Driving Digital Strategy with Harvard's Sunil Gupta

AmCham held a special edition of our quarterly Digitalization Forum at DNB on May 29th. Headlining the forum was Harvard Business School’s Sunil Gupta, author of Driving Digital Strategy: A Guide to Reimagining Your Business, who took attendees through how businesses must adjust, adapt, and evolve to thrive in today’s fast-paced digital business climate.

Following his presentation, Gupta joined Cisco’s Trine Strømsnes, Microsoft’s Christopher Frenning, and DNB’s Rasmus Aage Figenschou for a highly engaging panel discussion moderated by Next Step’s Jennifer Vessels.

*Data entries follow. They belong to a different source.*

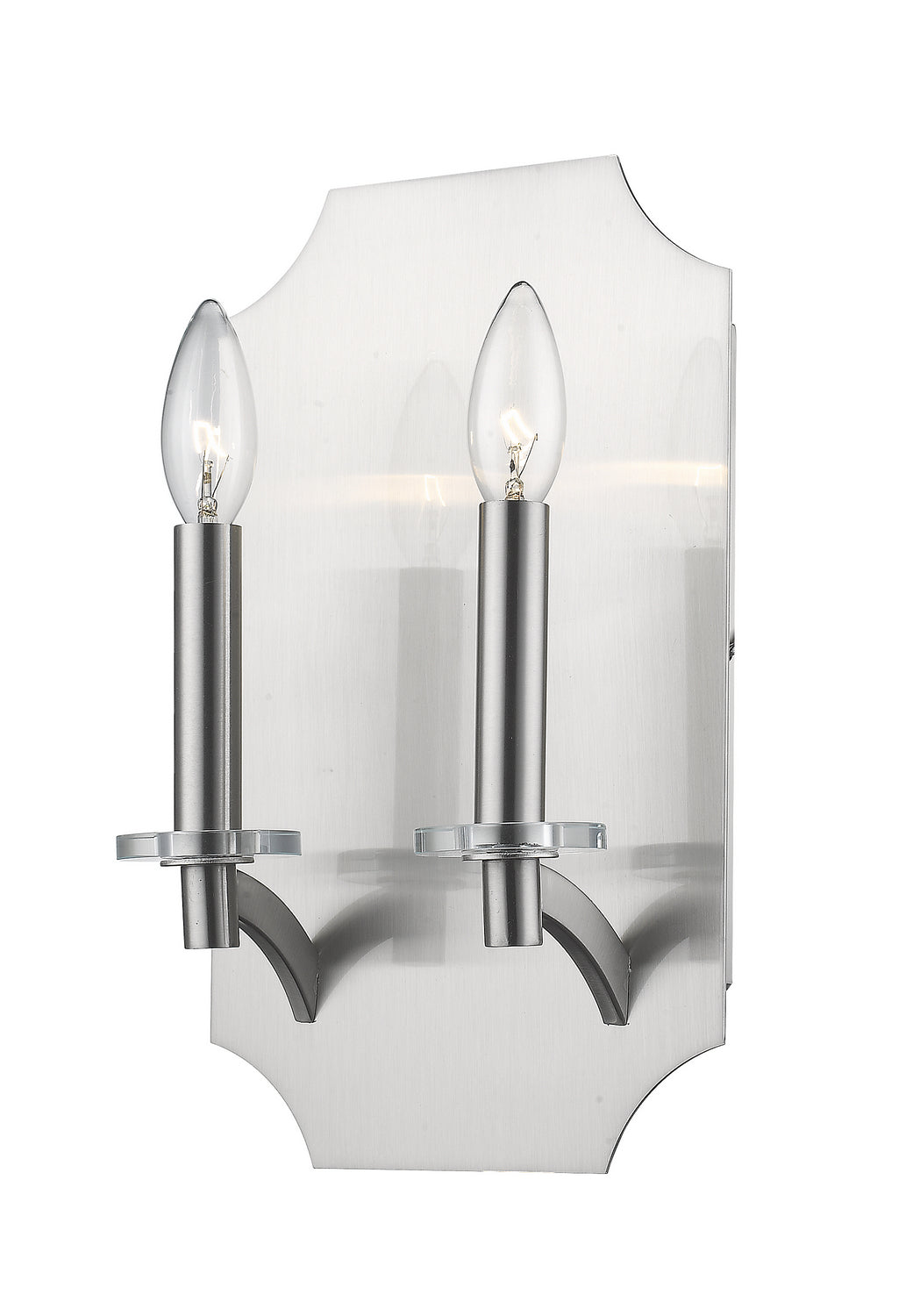 Z-Lite - 6008-2S-BN - Two Light Wall Sconce - Zander - Brushed Nickel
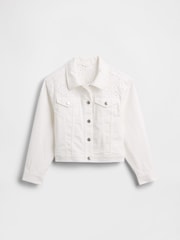 Gap White Eyelet Denim Jacket (4-13yrs) - Image 4 of 5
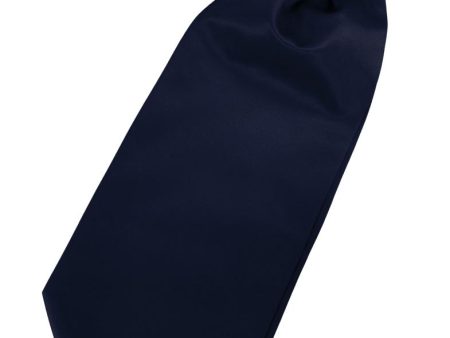 Midnight Blue Luxury Satin Cravat on Sale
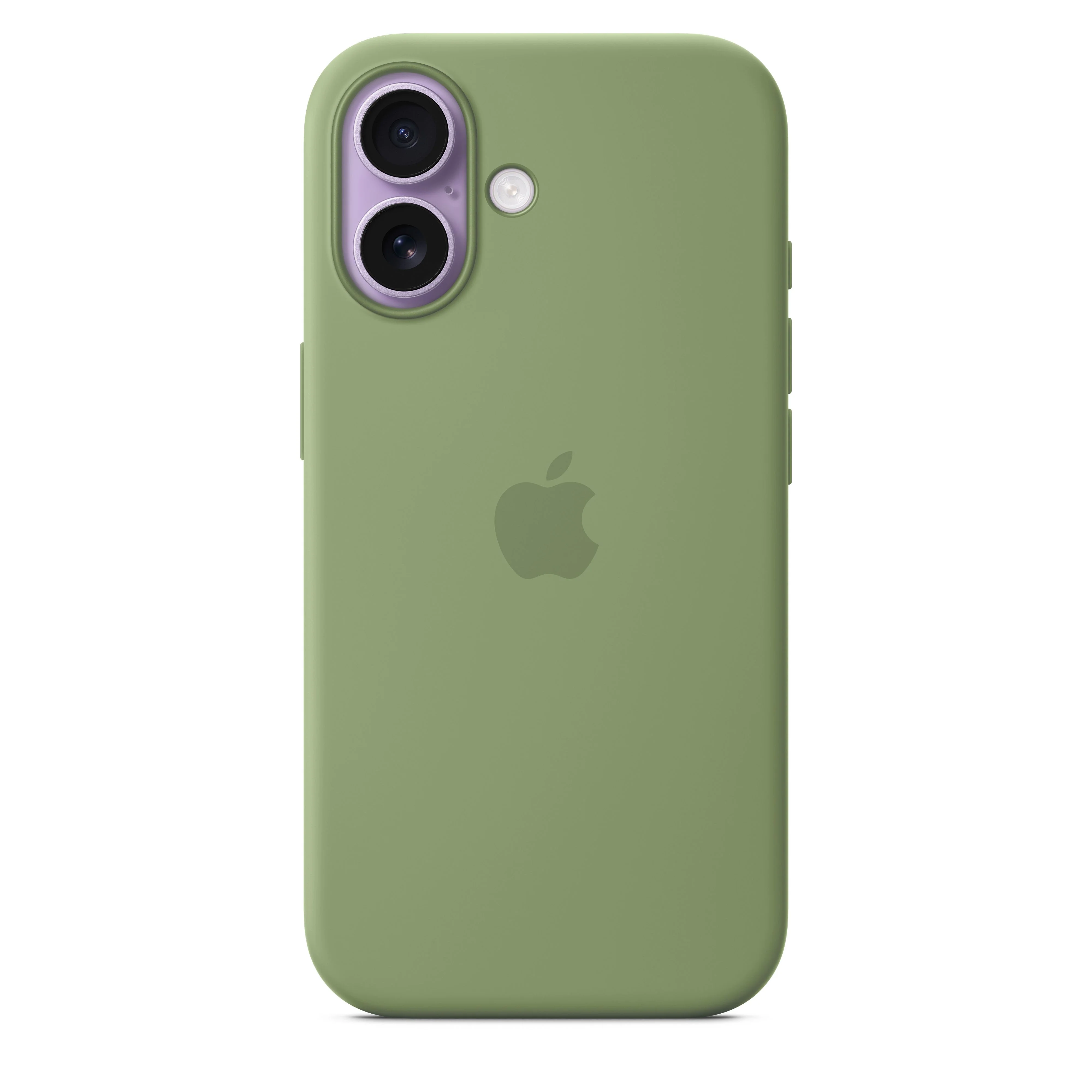 Funda de silicón con MagSafe para el iPhone 17 – Color musgo claro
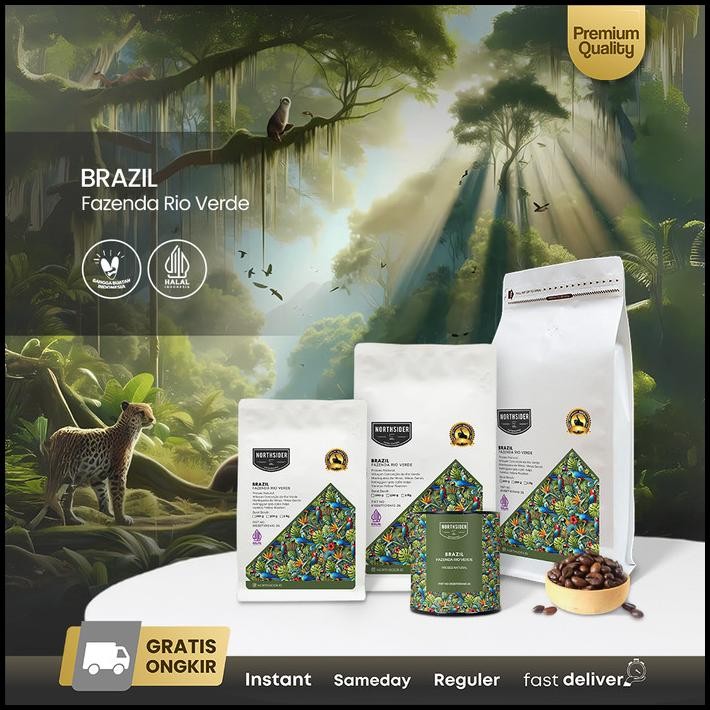 

Northsider Kopi Arabika Brazil Fazenda Rio Verde Natural Coffee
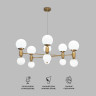 Умная подвесная люстра с плафонами 30182 латунь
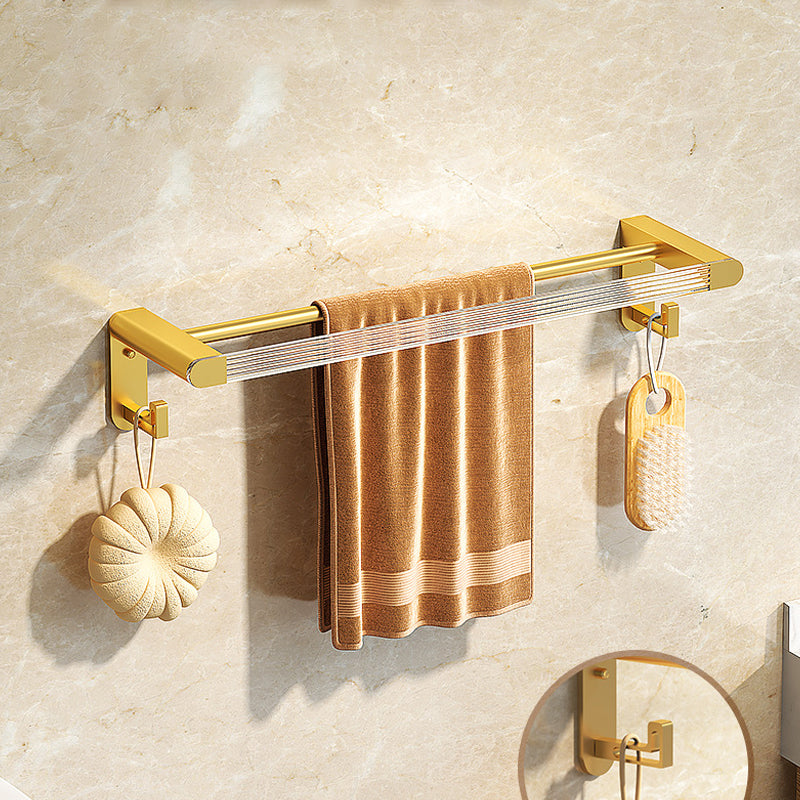 Avtoit | Modern Bathroom Hardware Set Towel Rack Bathroom Shelf Gray/Gold Bathroom Hardware Set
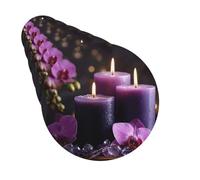 Car Air Fresheners Cards Set of 6 Hanging Scented Cards Car Aromatherapy Tablets Rearview Mirror Pendant Purple flowers and candles Car Fresheners for Car Interior Bathroom Bedroom Shoe Cabinet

Positioning Your Business For Success

Addressing a capacity assembly of AmCham company leaders, Professor Gupta took the stage at DNB’s Bjørvika headquarters to discuss a wide range of digitalization topics, putting to use his academic experience to engage, challenge, and inspire the audience.

Based upon in-depth digital impact research, his presentation first focused on breaking down the technological revolution. Gupta discussed shifting consumer behavior, noting how the accelerating pace of consumer adaption is changing how businesses interact with consumers and develop technology.

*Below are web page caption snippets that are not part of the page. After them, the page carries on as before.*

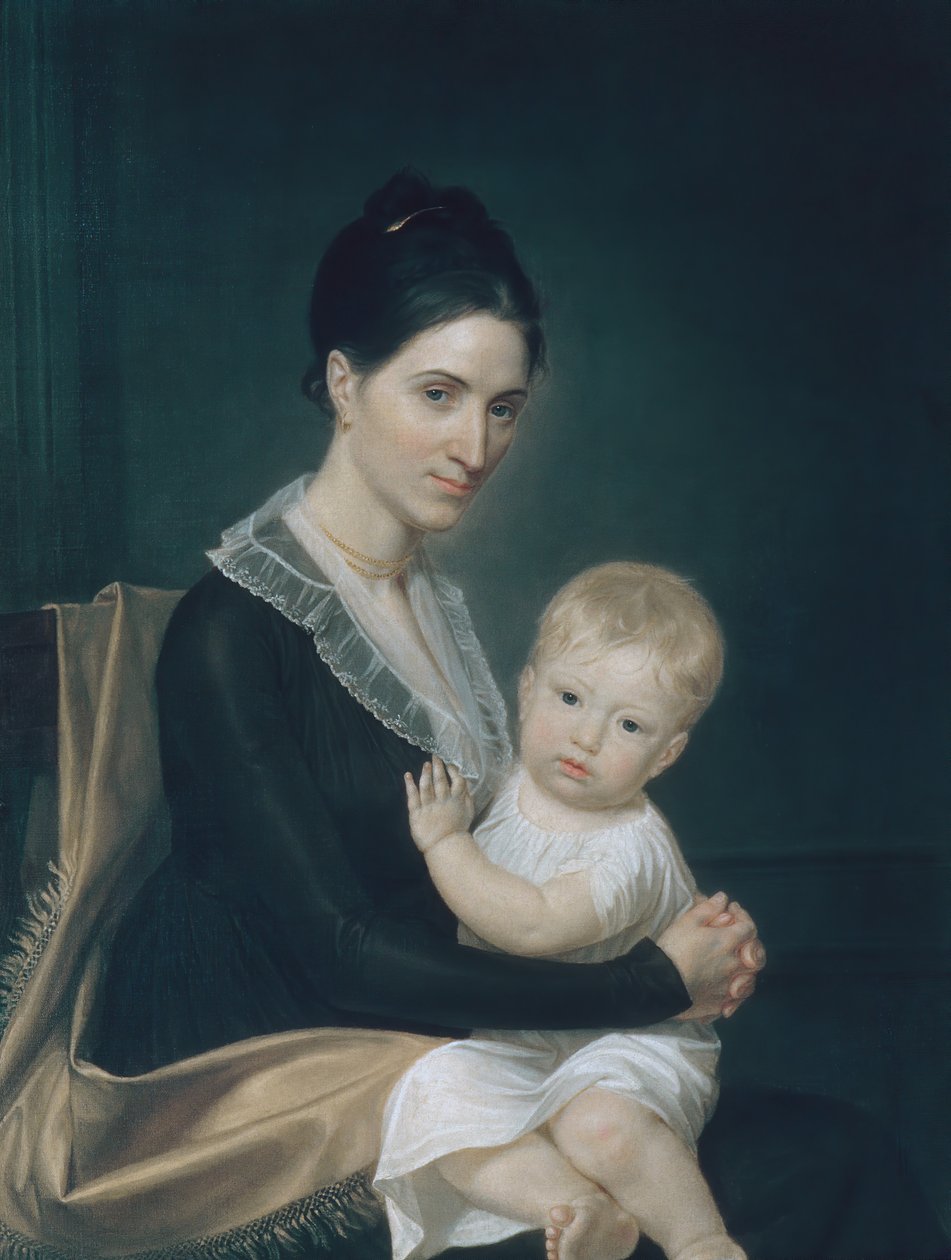 Paní Marinus Willett a její syn Marinus, Jr., ca. 1802. od John Vanderlyn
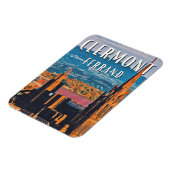 クレルモンフェラン写真ヴィンテージ マグネット (左側)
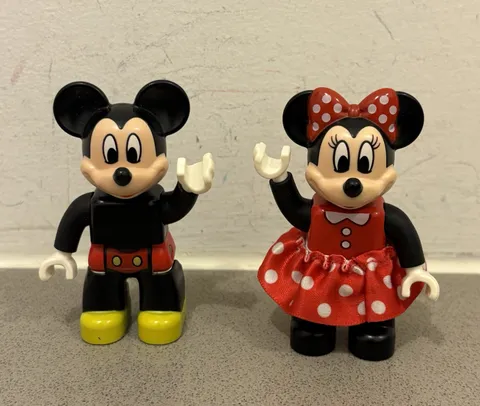 Lego Duplo Mickey & Minnie Mouse Figure Red Outfit With Skirt - Free Aus Post!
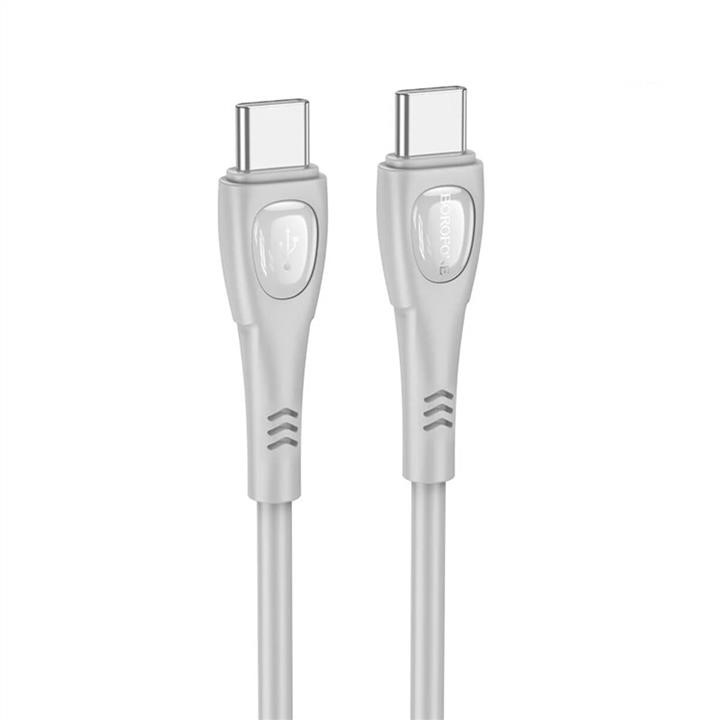 Borofone BX98CCG Borofone BX98 Type-C to Type-C Superior 60W charging data cable Gray BX98CCG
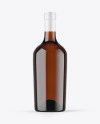 Amber Glass White Wine Bottle Mockup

He then took up a topic relevant to most corporate leaders present – how can legacy companies develop an effective digital strategy?

Gupta began by noting two issues companies often employ to tackle the challenge of innovating at scale. The first was the challenge of putting together all of the different innovation and digitalization projects at corporate branches around the world. “In large global companies, every country branch starts doing their own experiments. It is often the case, however, that all these digital experiments add up to nothing,” he noted, before going on the emphasize the importance of a cohesive company strategy.

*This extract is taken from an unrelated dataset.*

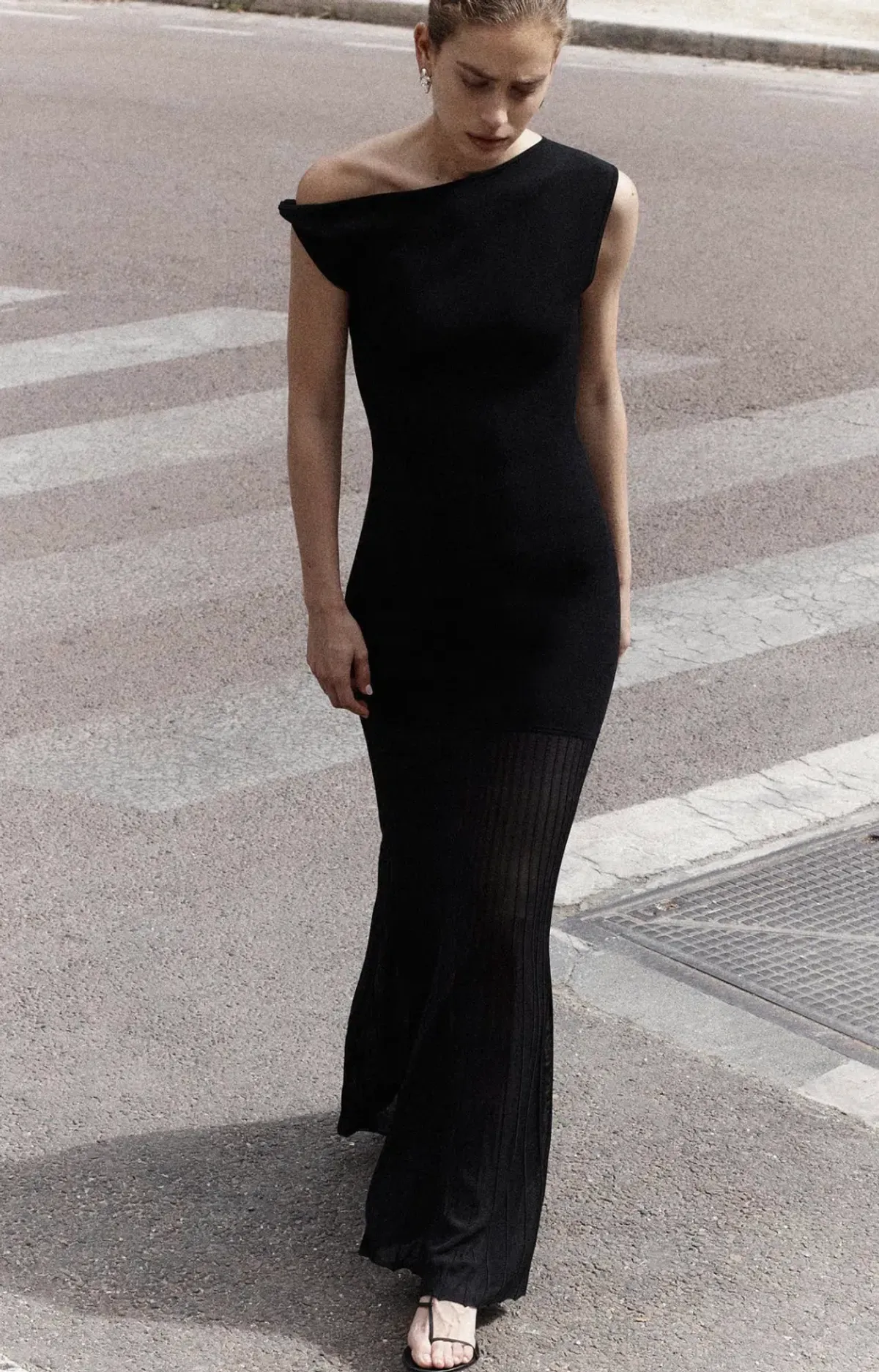 Sir the Label Indigo Twist Dress Black Size 10 - Image 6
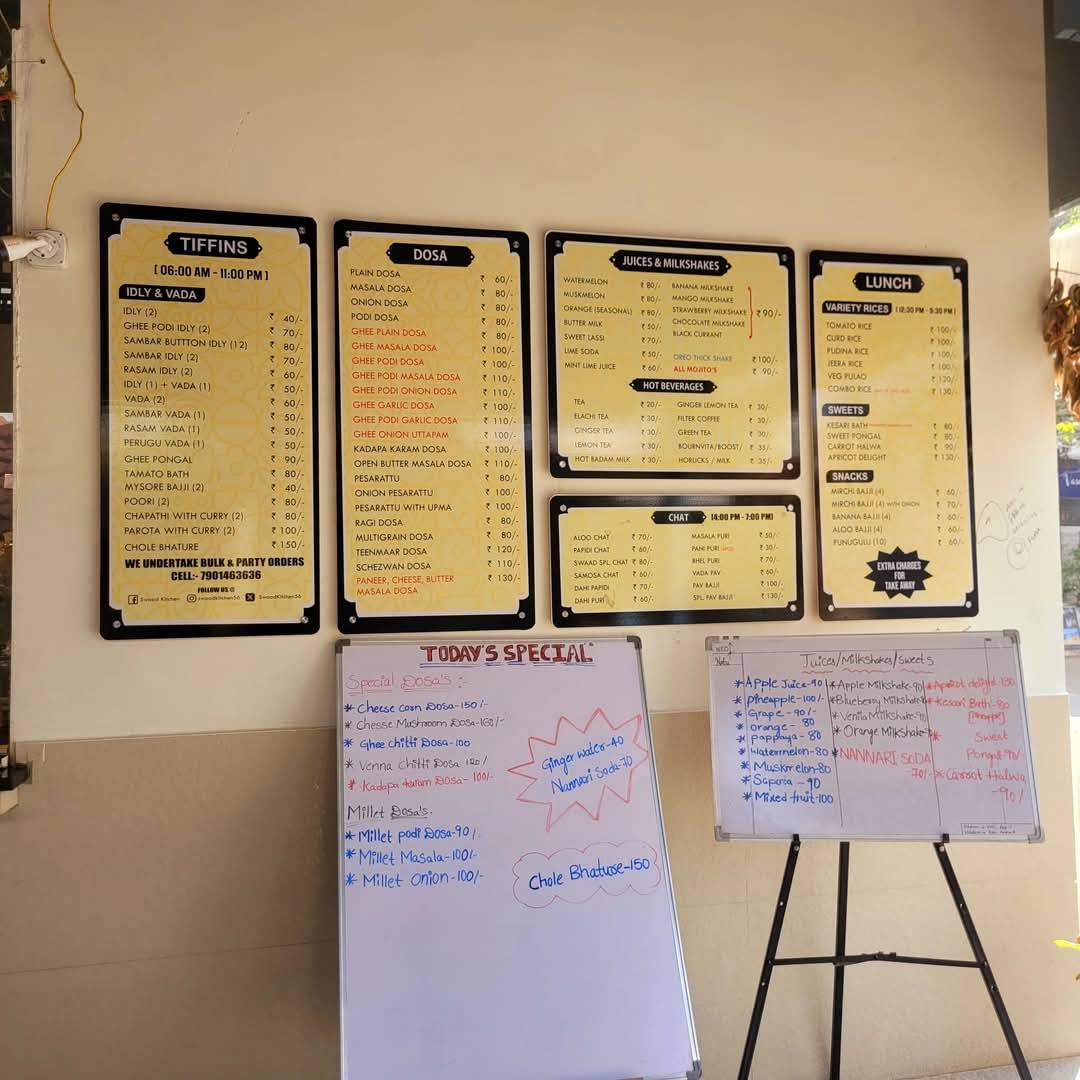 SWAAD KITCHEN menu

“The best learning comes from looking across industries. If you just look in your industry, it’s easy to stay second best as you’re simply following the leader.”

Sunil Gupta

Harvard Business School

The second phenomenon Gupta described was the speedboat problem, where companies send promising young talent to corporate outposts in digitalization hotspots like Silicon Valley, concluding that such measures were equivalent to a large cruise ship sending out speed boats to pull it in a different direction.

“The results are mixed,” he noted. “Unless you change the core, that little speedboat you send out is not helpful.”

Gupta then took attendees through cases from Amazon, Best Buy, and US Foods, highlighting how these companies adopted digitally to meet shifting consumer demands, noting key takeaways along the way.

To conclude, Gupta highlighted the importance of cross-industry collaboration, a point showcasing the value of arenas such as AmCham’s cross-industry forums.

“The best learning comes from looking across industries. If you just look in your industry, it’s easy to stay second best as you’re simply following the leader.”

Key Takeaways

Industry boundaries are getting blurred

The rules of strategy development are changing, shifting from the one product – one customer model to the multiple products / multiple customer model

Think about how you can leverage your core strengths to expand into new industries

Start with customer pain points and work backwards

Panel Discussion: Digital Strategy from the Norwegian Perspective

Gupta was then joined by Cisco’s Trine Strømsnes, Microsoft’s Christopher Frenning, and DNB’s Rasmus Aage Figenschou for a panel discussion moderated by Next Step’s Jennifer Vessels.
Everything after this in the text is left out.